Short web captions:
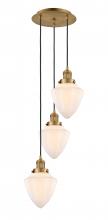  113F-3P-BB-G661-7 - Bullet - 3 Light - 14 inch - Brushed Brass - Cord hung - Multi Pendant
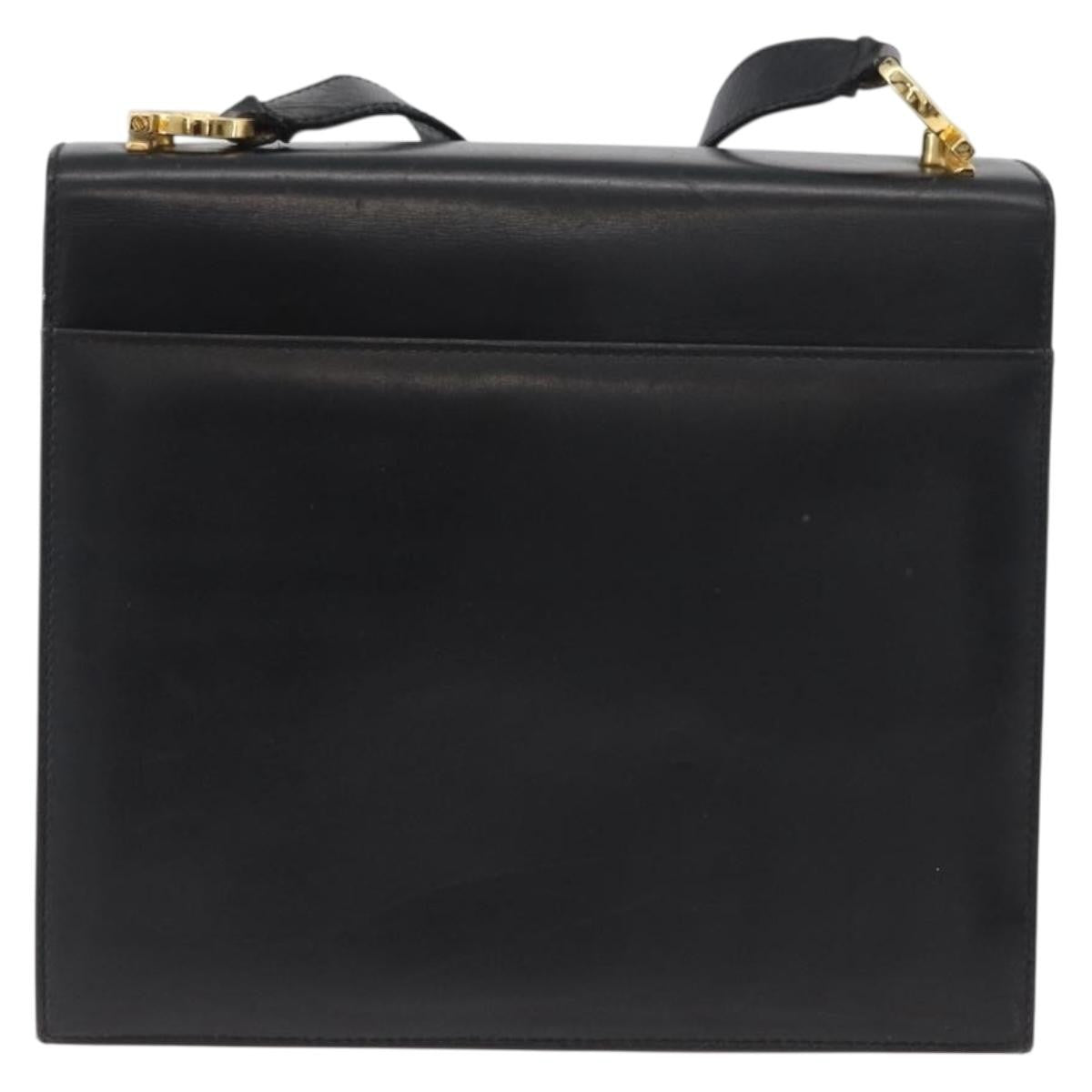 Salvatore Ferragamo Gancini Flap Leather Black Leather Shoulder Bag Bag (Pre-Owned)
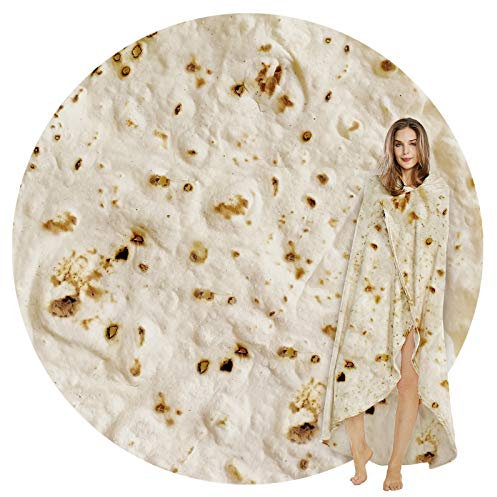 SeaRoomy 60 inches Burrito Tortilla Blanket, Funny Food Throw Blanket
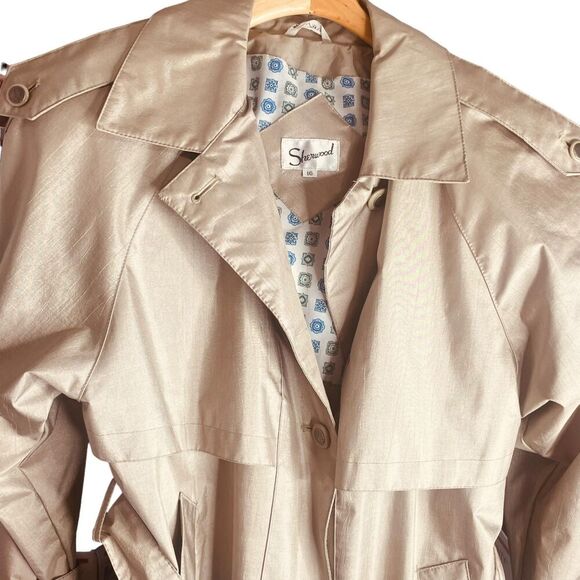 Sherwood | Tan Belted Trench Coat Vintage Classic Lined Size 10 | VGUC - Picture 4 of 14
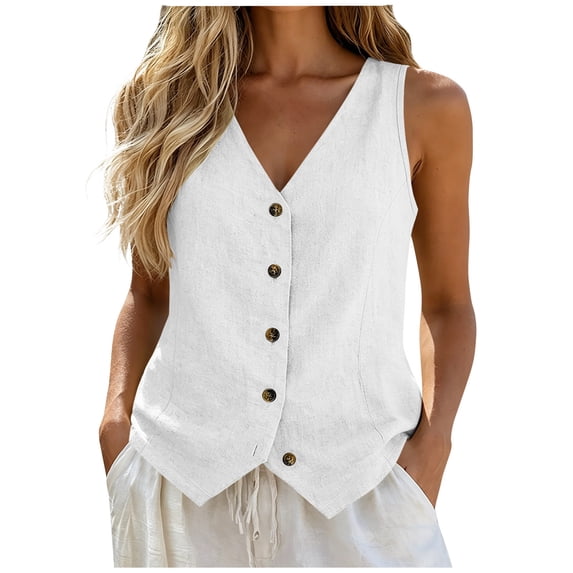 Turilly Womens Solid Color V-Neck Sleeveless Vest Button Down Casual Comfy Summer Tanks Top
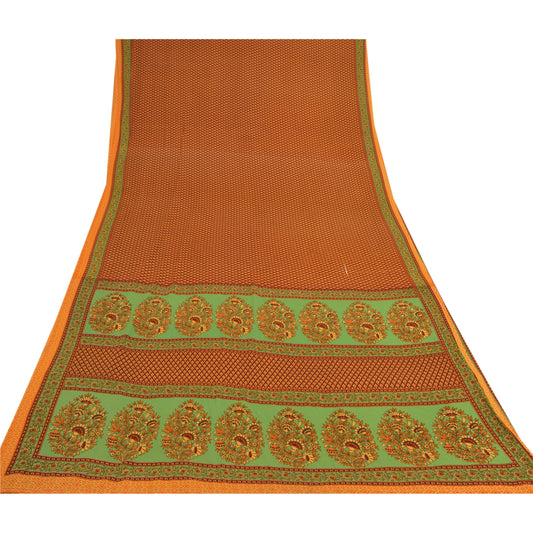 Sanskriti Vintage Dark Red Sarees Moss Crepe Floral Printed Craft Sustainable Fabric Sari
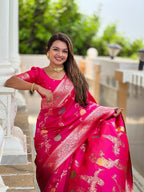 Vedant Vastram Soft Litchi Silk Banarasi Silk Jacquard Saree - Rani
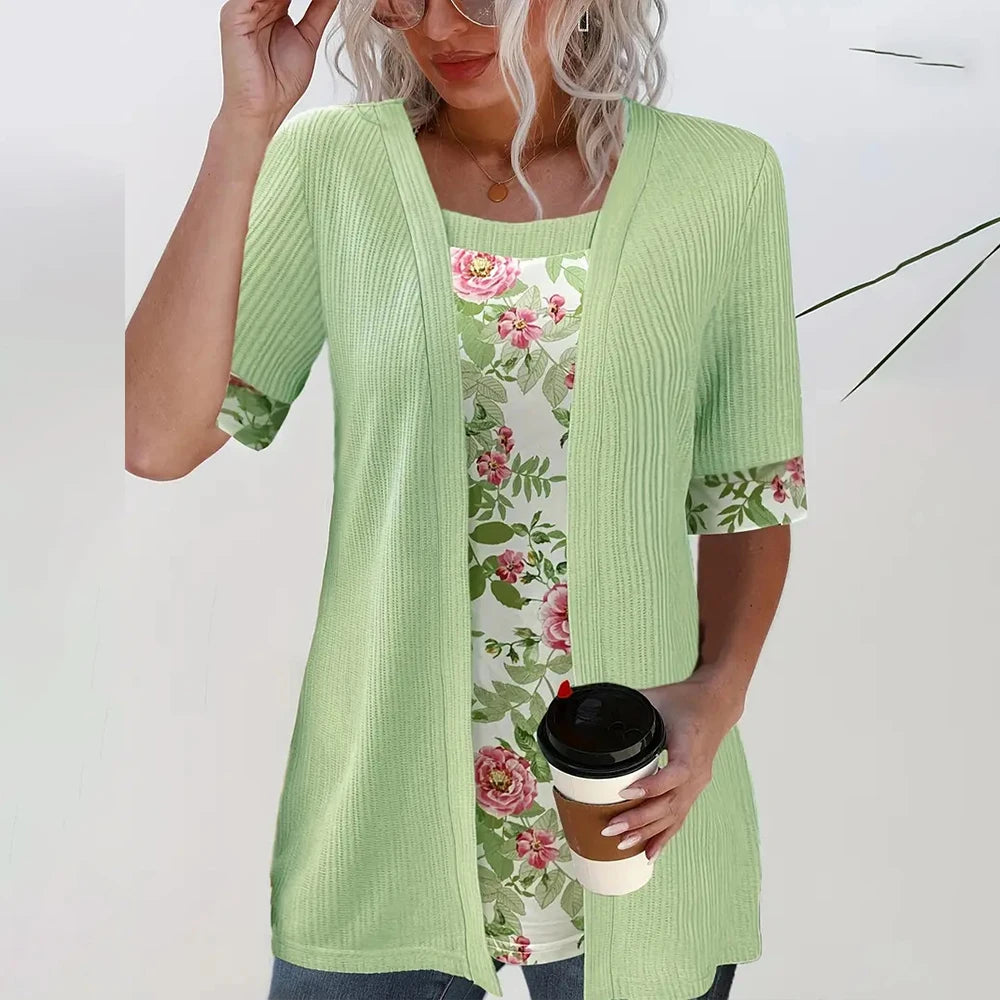 T-shirt 2 en 1 Chic Motif Fleuri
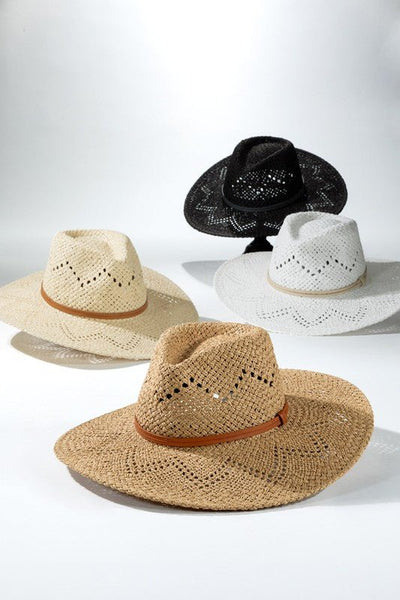 Mogul Boutique-Wide Brim Panama with Eyelets Hats accessories hat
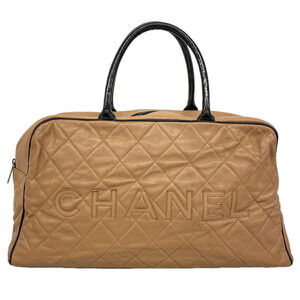 Chanel Matelassé Boston Bag, Caviar Leather, Brown/Black, Women's, P3679620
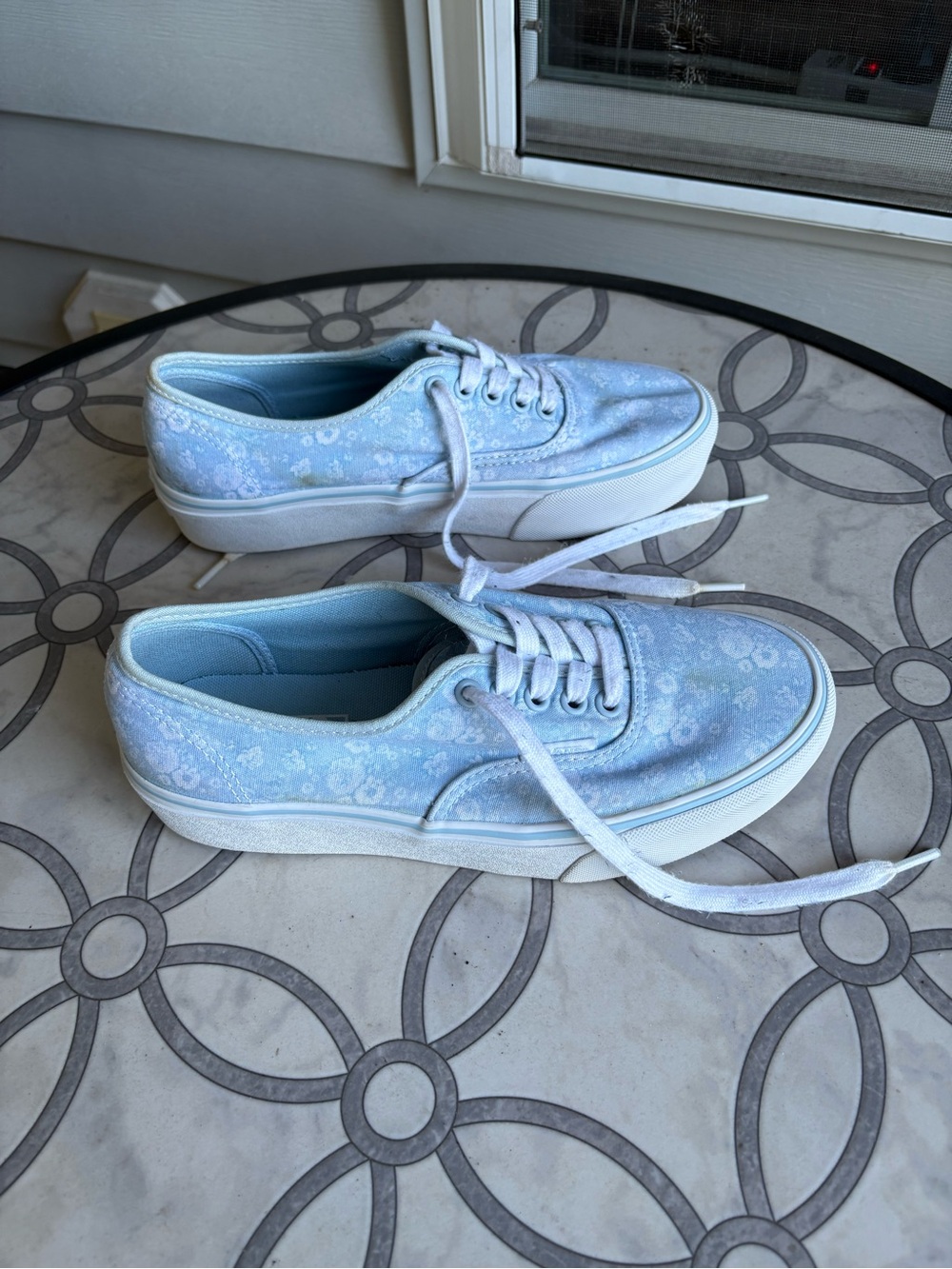 Blue Floral Platform Vans Women’s Size 8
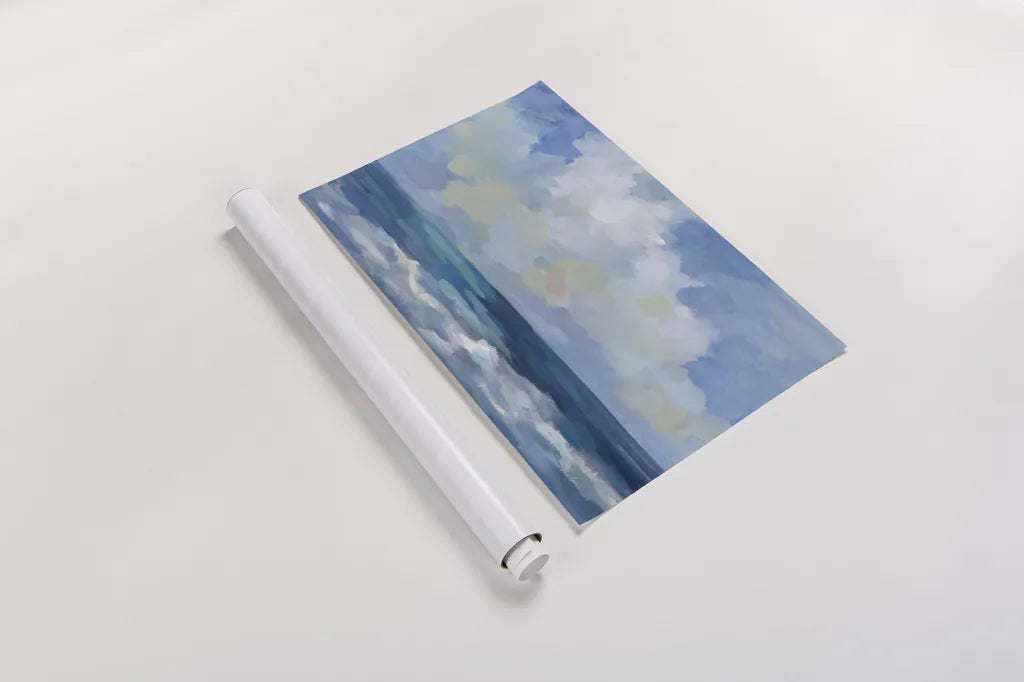 Waves and Clouds by Silvia Vassileva. shown as a rolled paper print. Available as archival giclee rolled canvas, fine art paper, or poster print. SKU 90252i.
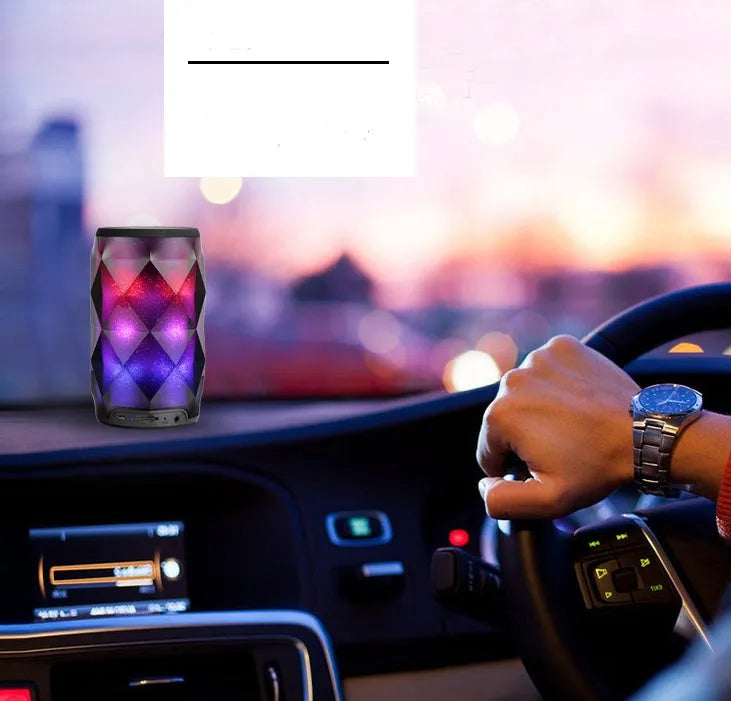 Black crystal diamond cut Coke can shaped Bluetooth lantern speaker with colourful LED starry sky lighting effect.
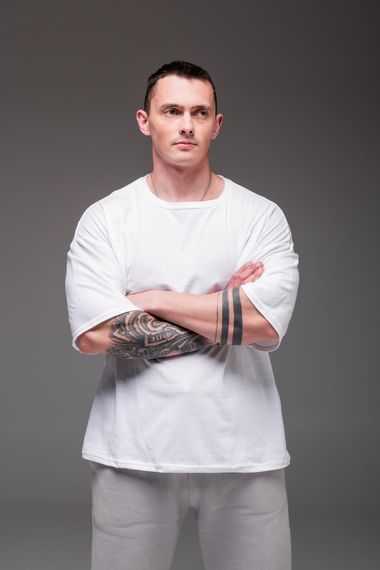 Мужская классическая футболка хлопковая больших размеров RA2242 размер XXL, цвет белый | Зображення 4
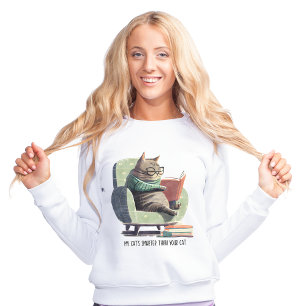 Smart katt som läser en bok-beklädd skyddsstol t shirt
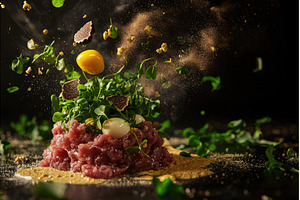 Beef tartar with microgreens, a Food & Drink Photo by Rodica Ciorba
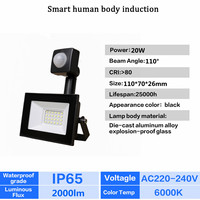 Projecteur LED à induction infrarouge avec capteur PIR, réflecteur, 20W, 2000LM, 220-240V, CE ERP IP44, pour éclairage extérieur commercial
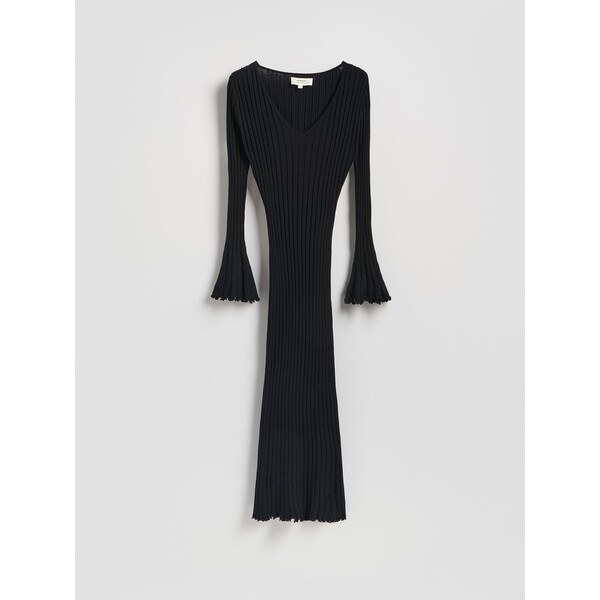 Reserved Prążkowana sukienka z wiskozy 487IY-99X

* [ACTION ITEM] From the first line to the last, copy the records above exactly and drop any pictures.

* [RESPONSE BELOW]
  113F-3P-BB-G661-7 - Bullet - 3 Light - 14 inch - Brushed Brass - Cord hung - Multi Pendant
 Salvatore Ferragamo Gancini Flap Leather Black Leather Shoulder Bag Bag (Pre-Owned)
 SeaRoomy 60 inches Burrito Tortilla Blanket, Funny Food Throw Blanket
 Sherwood | Tan Belted Trench Coat Vintage Classic Lined Size 10 | VGUC - Picture 4 of 14
 Turilly Womens Solid Color V-Neck Sleeveless Vest Button Down Casual Comfy Summer Tanks Top
 Sanskriti Vintage Dark Red Sarees Moss Crepe Floral Printed Craft Sustainable Fabric Sari
 Vedant Vastram Soft Litchi Silk Banarasi Silk Jacquard Saree - Rani
 T-shirt 2 en 1 Chic Motif Fleuri
 Mogul Boutique-Wide Brim Panama with Eyelets Hats accessories hat
 Chanel Matelassé Boston Bag, Caviar Leather, Brown/Black, Women's, P3679620
 Blue Floral Platform Vans Women’s Size 8
 Waves and Clouds by Silvia Vassileva. shown as a rolled paper print. Available as archival giclee rolled canvas, fine art paper, or poster print. SKU 90252i.
 Black crystal diamond cut Coke can shaped Bluetooth lantern speaker with colourful LED starry sky lighting effect.
 Мужская классическая футболка хлопковая больших размеров RA2242 размер XXL, цвет белый | Зображення 4
 Smart katt som läser en bok-beklädd skyddsstol t shirt
 Beef tartar with microgreens, a Food & Drink Photo by Rodica Ciorba
 Projecteur LED à induction infrarouge avec capteur PIR, réflecteur, 20W, 2000LM, 220-240V, CE ERP IP44, pour éclairage extérieur commercial
 Reserved Prążkowana sukienka z wiskozy 487IY-99X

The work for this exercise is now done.